It appears that the important rail link between France and Italy will remain unusable until at least the summer of 2024. In August this year, a landslide in the Maurienne valley caused its closure. Around 10,000 cubic meters of rock fell due to heavy rains. It led to the temporary closure of the Fréjus tunnel, a vital transport artery, which remains closed due to ongoing maintenance.
The French government had estimated the line would reopen in two months, but now says repairs will take longer.
With the ski season and Christmas holidays in both European countries, the transalpine line was an essential means of transport for visitors. As the train will not run during the winter, travelers will have to choose between plane and car.
As a result, local authorities are sounding the alarm about increasing carbon emissions from the expected increase in automobile traffic and air travel.
François Ravier, regional director of French railway company SNCF in Savoie, recently told the press that he hoped to complete the work by summer 2024. However, it is possible that service could be disrupted until September.
How has the closure of the railway tunnel between Italy and France affected tourism?
The ongoing closure of the Fréjus rail tunnel has a significant impact on rail services. Freight trains and the TGV line which normally connects Paris and Milan are also affected.

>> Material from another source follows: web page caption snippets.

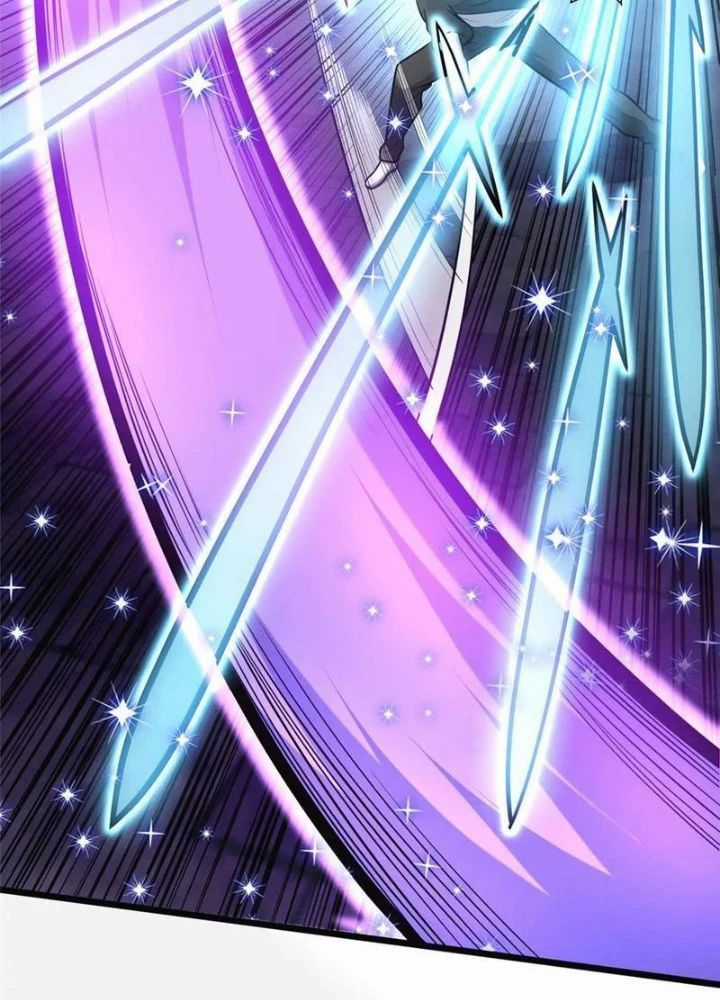 Siêu Phàm Sát Thần - Chương 254 - Trang 57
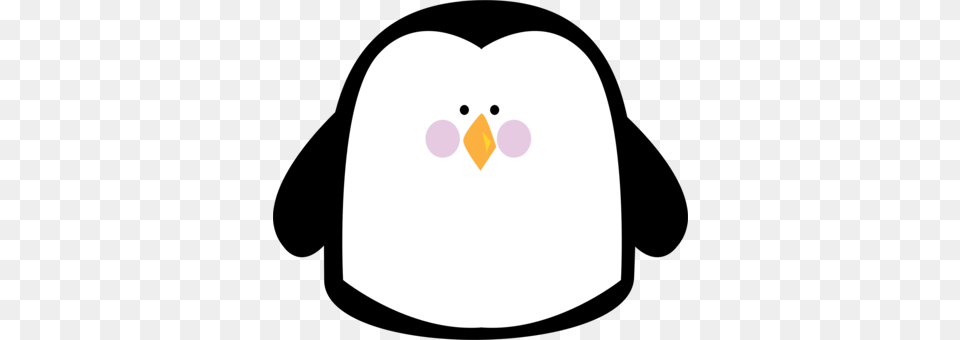 Emperor Penguin Bird Drawing Line Art, Heart, Clothing, Hardhat, Helmet Png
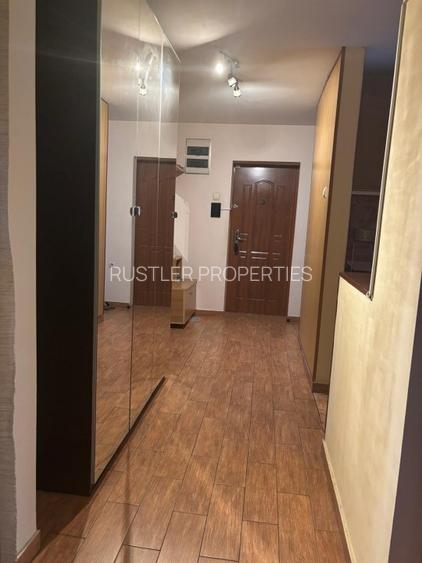 Apartament de vanzare Piata Unirii - 9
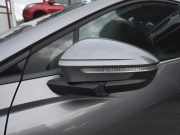 Außenspiegel links Audi Q4 e-tron F4B 89B857409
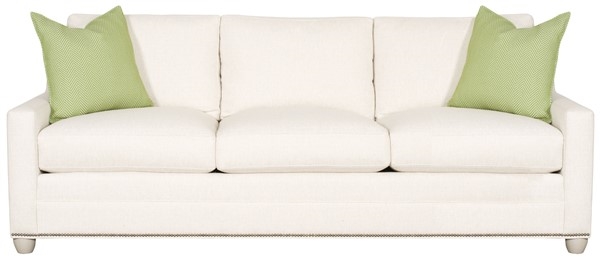 Fairgrove Sofa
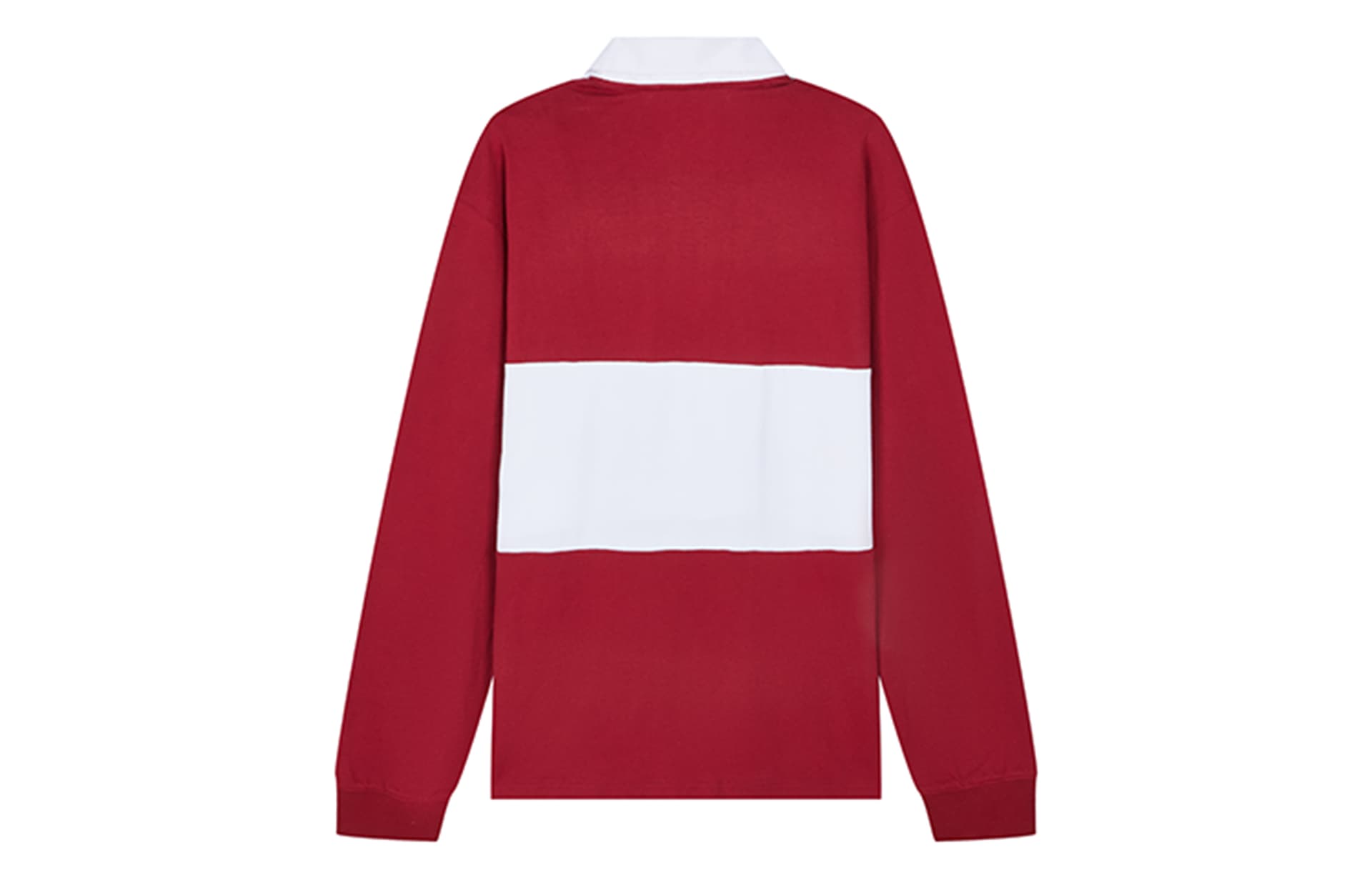 Поло Champion x Coca-Cola FW23 Polo - изображение 2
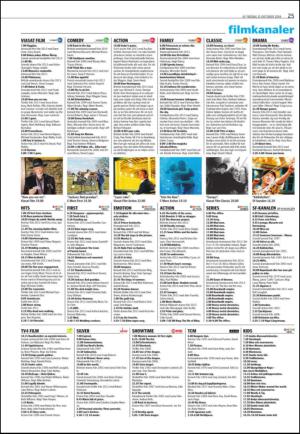 varmlandsfolkblad_del2-20141031_000_00_00_025.pdf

According to the Lyon-Turin Transalpine Railway Commission, this will require “long and costly diversions through Switzerland”.
“Switch to the vehicle for medium-distance excursions and to the plane for long distances,” the committee recommends to travelers, as France tries to reduce domestic flights.
Paris-Milan is already one of the busiest European air routes, so Spanish low-cost airline Volotea will offer a more frequent service on this route.
Motorists can expect additional traffic on the ring road around Turin and on the route between Maurienne and Susa Valley.
The closure of the Mont Blanc road tunnel for repairs from October 16 to December 18 could also cause delays in the run-up to the end-of-year holidays.